Could you set down only the lines from the one including "Being in love" to the end of the records below, inclusive and exact, leaving pictures out?

Available data:

######

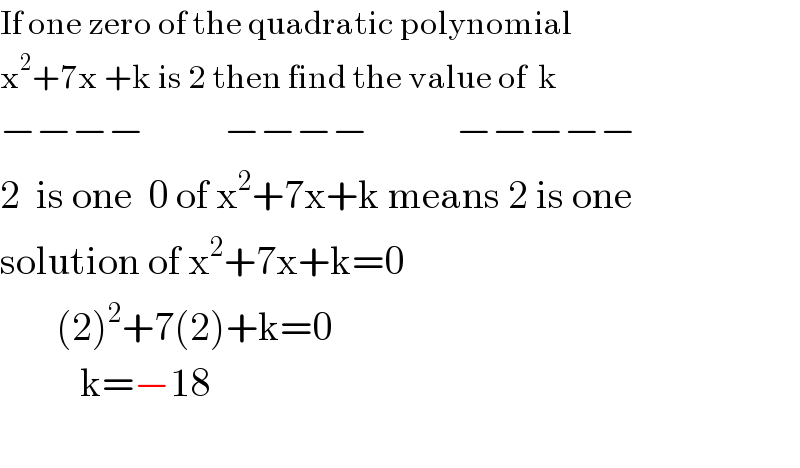 If one zero of the quadratic polynomial  x^2 +7x +k is 2 then find the value of  k  −−−−          −−−−           −−−−−  2  is one  0 of x^2 +7x+k means 2 is one  solution of x^2 +7x+k=0         (2)^2 +7(2)+k=0            k=−18    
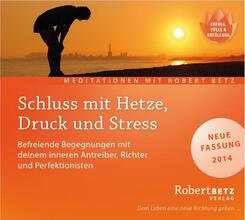 Schluss mit Hetze, Druck und Stress,Audio-CD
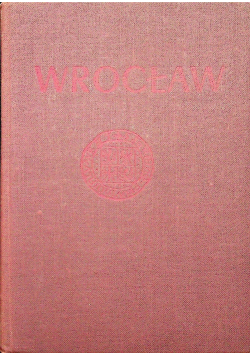 Wrocław przewodnik po dawnym i współczesnym mieśie wydanie 2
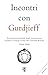 Incontri con Gurdjieff: Tra...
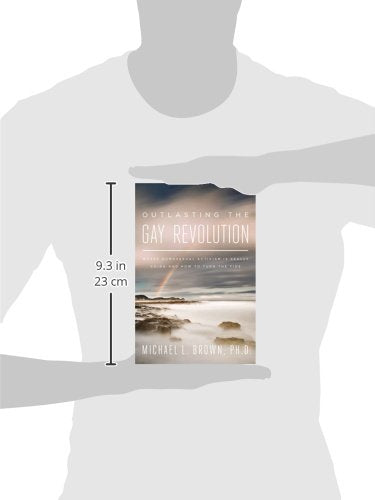 Outlasting the Gay Revolution: Where Homosexual Activism Is Really Going and How to Turn the Tide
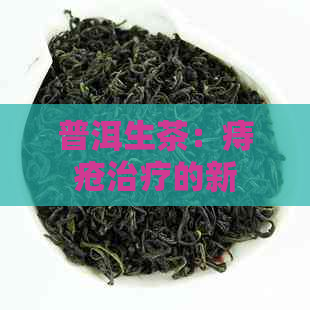 普洱生茶：痔疮治疗的新选择？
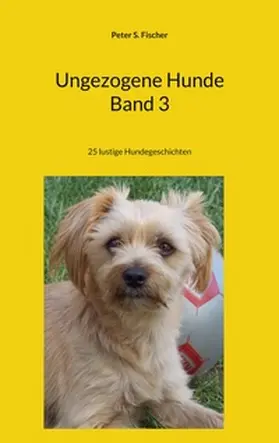 Fischer |  Ungezogene Hunde Band 3 | Buch |  Sack Fachmedien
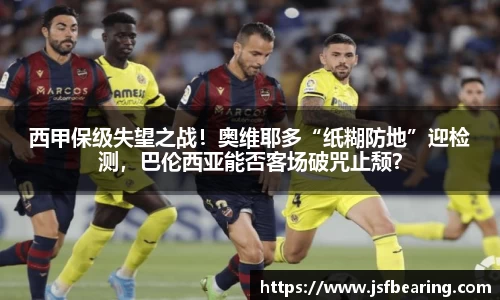 西甲保级失望之战！奥维耶多“纸糊防地”迎检测，巴伦西亚能否客场破咒止颓？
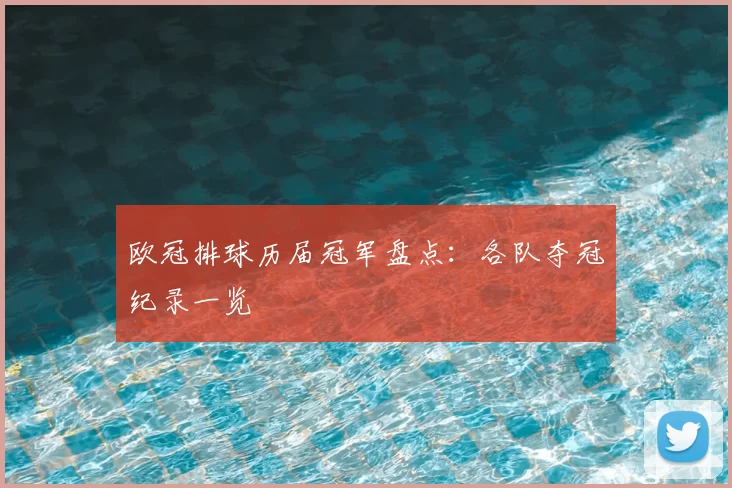 欧冠排球历届冠军盘点:各队夺冠纪录一览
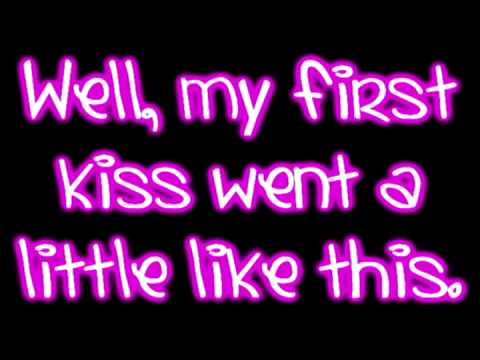 Текст песни  - My First Kiss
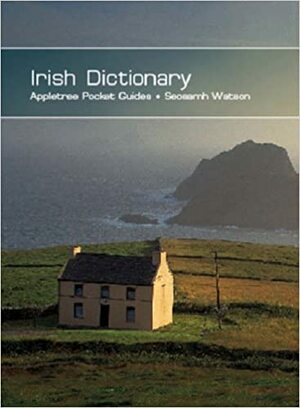 Irish Dictionary by Seosamh Watson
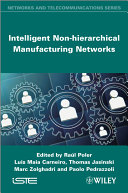 Intelligent non-hierarchical manufacturing networks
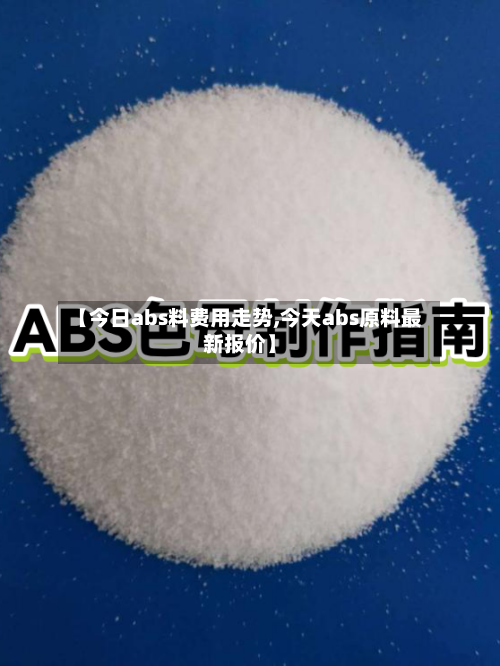 【今日abs料费用走势,今天abs原料最新报价】-第3张图片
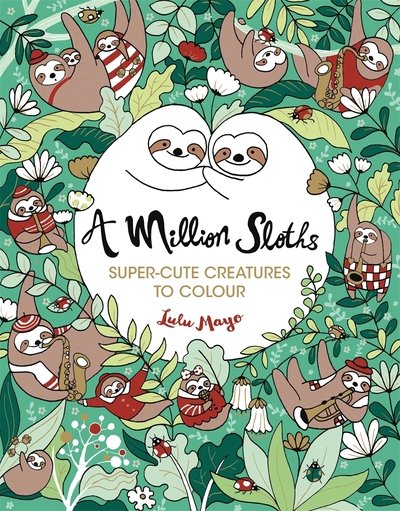 Cover for Lulu Mayo · A Million Sloths: Super-Cute Creatures to Colour - A Million Creatures to Colour (Pocketbok) (2019)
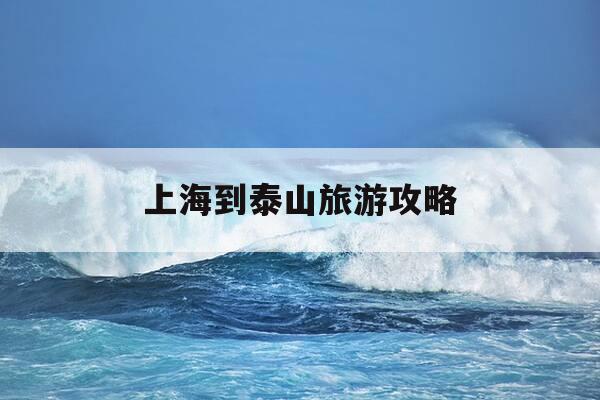 上海到泰山旅游攻略-上海到泰山沿途旅游景点-第1张图片-优惠活动网 上海到泰山旅游攻略-上海到泰山沿途旅游景点-第1张图片-优惠活动网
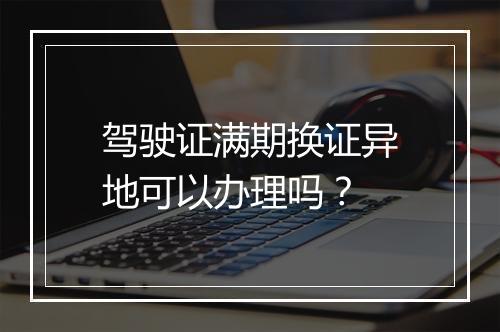驾驶证满期换证异地可以办理吗？
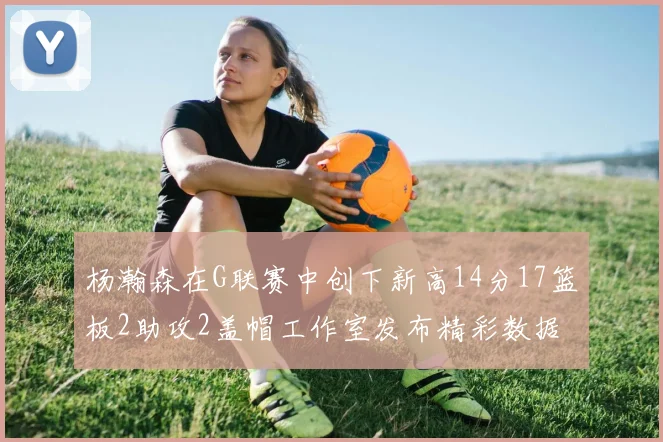 杨瀚森在G联赛中创下新高14分17篮板2助攻2盖帽工作室发布精彩数据海报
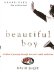 Beautiful Boy : A Father's Journey Through His Son's Meth Addiction cover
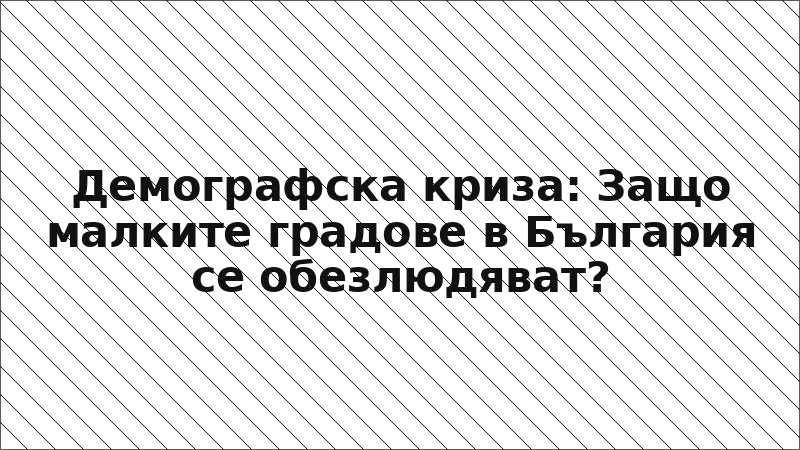 Демографска криза: Защо малките градове в България се обезлюдяват?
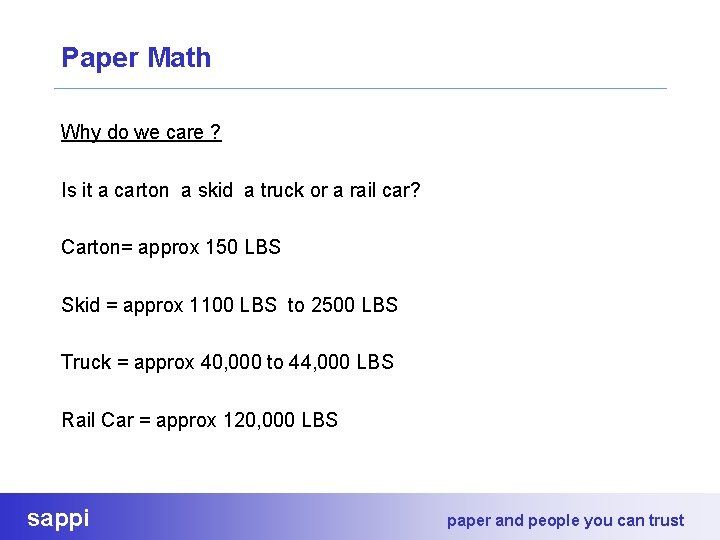 Paper Math Why do we care ? Is it a carton a skid a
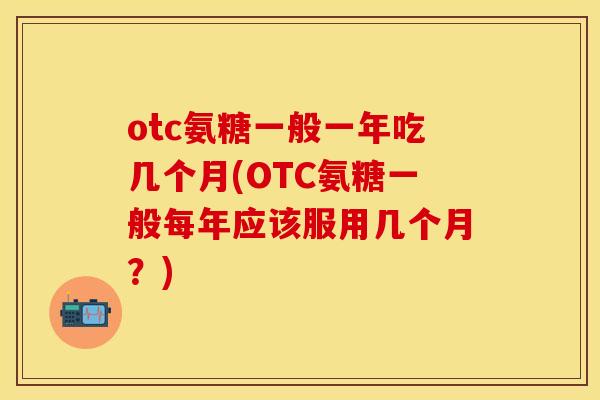 otc氨糖一般一年吃几个月(OTC氨糖一般每年应该服用几个月？)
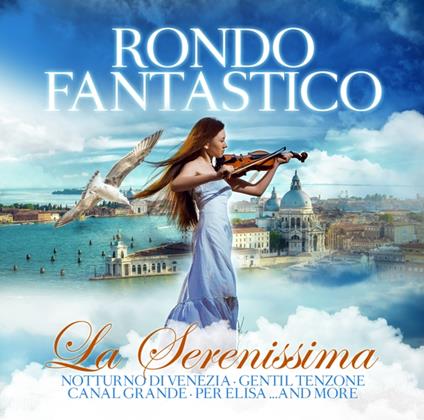 La Serenissima - CD Audio di Rondò Fantastico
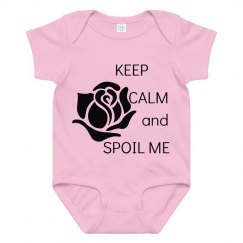 keep calm and spoil me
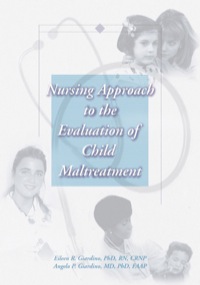 Cover image: Nursing Approach to the Evaluation of Child Maltreatment 9781878060518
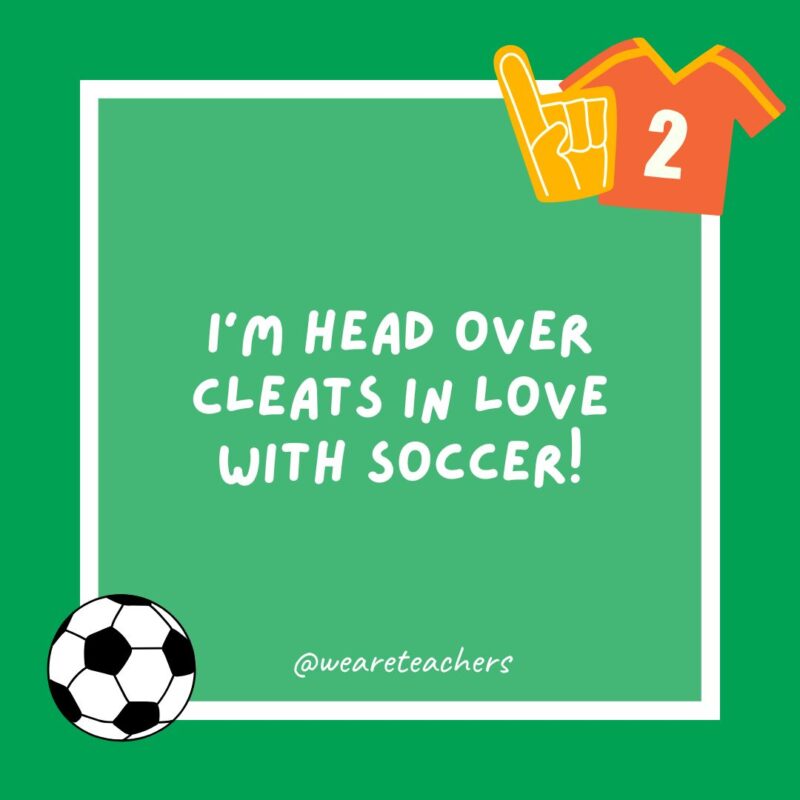 soccer jokes (2) I'm head over cleats in love with soccer!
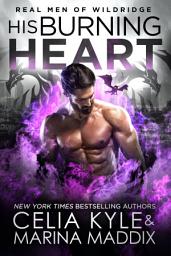 Icon image His Burning Heart - Real Men Romance™ (Paranormal Dragon Shifter Romance)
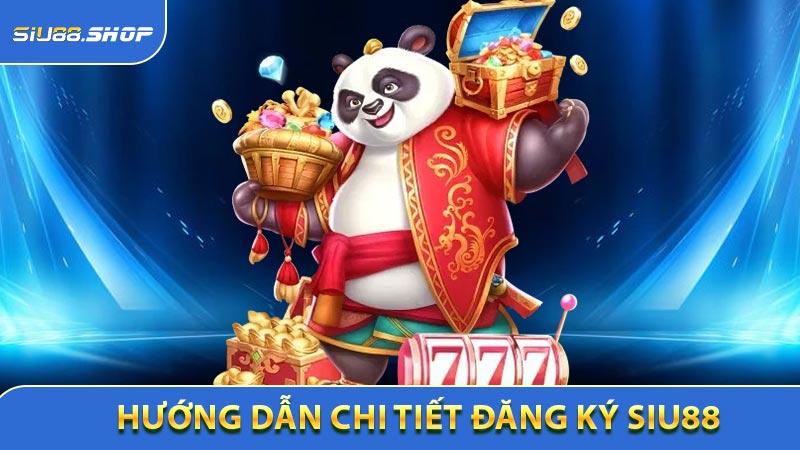 Hướng dẫn chi tiết từng bước đăng ký Siu88 nhanh chóng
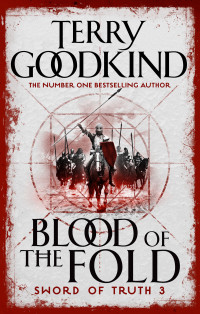 Terry Goodkind — Blood of the Fold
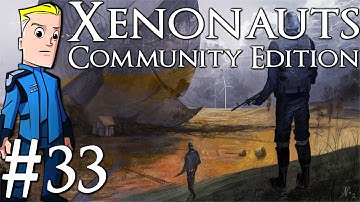 Xenonauts Community Edition | Part 33 | Death of Major Hobart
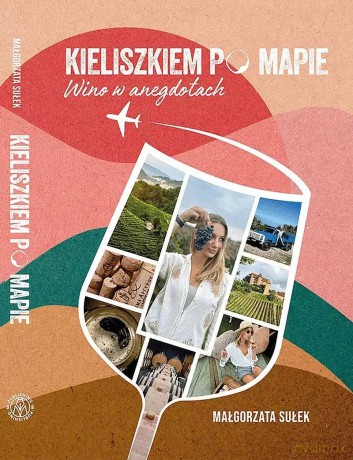 Kieliszkiem po mapie. Wino w anegdotach - Małgorzata Sułek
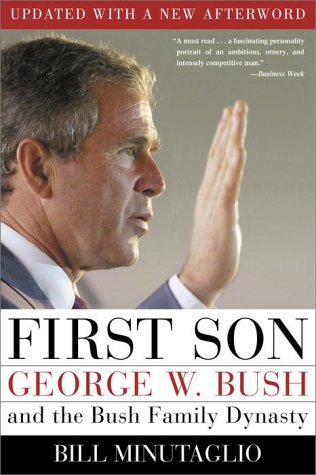 Beispielbild fr First Son : George W. Bush and the Bush Family Dynasty zum Verkauf von Wonder Book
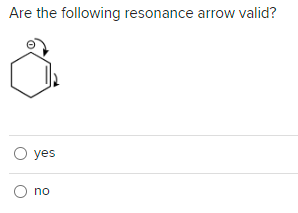 Are the following resonance arrow valid?
O yes
O no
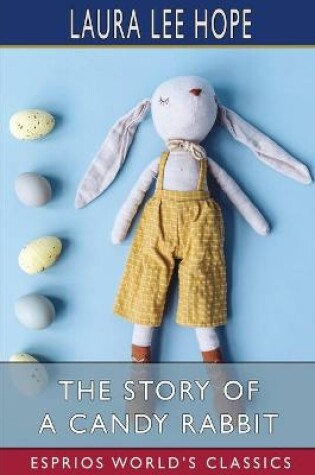 Cover of The Story of a Candy Rabbit (Esprios Classics)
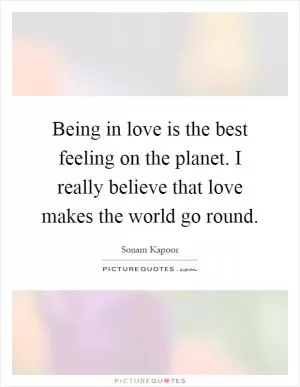 Being in love is the best feeling on the planet. I really believe that love makes the world go round Picture Quote #1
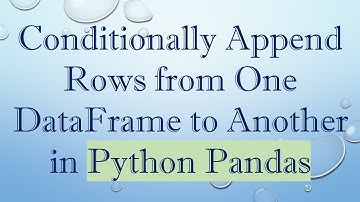 Conditionally Append Rows from One DataFrame to Another in Python Pandas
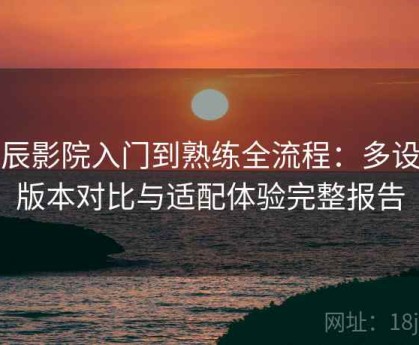 星辰影院入门到熟练全流程：多设备版本对比与适配体验完整报告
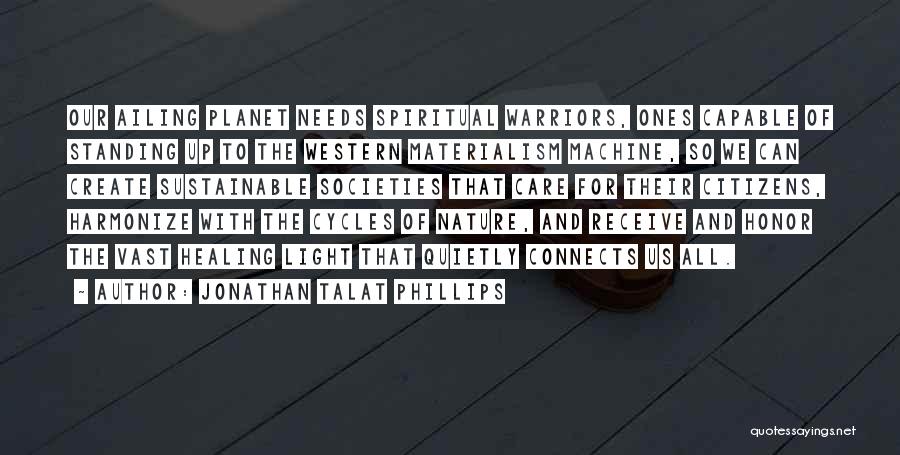 Jonathan Talat Phillips Quotes: Our Ailing Planet Needs Spiritual Warriors, Ones Capable Of Standing Up To The Western Materialism Machine, So We Can Create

######

Answer to this task:
 Being in love is the best feeling on the planet. I really believe that love makes the world go round Picture Quote #1
 Conditionally Append Rows from One DataFrame to Another in Python Pandas
 星辰影院入门到熟练全流程：多设备版本对比与适配体验完整报告
 Jonathan Talat Phillips Quotes: Our Ailing Planet Needs Spiritual Warriors, Ones Capable Of Standing Up To The Western Materialism Machine, So We Can Create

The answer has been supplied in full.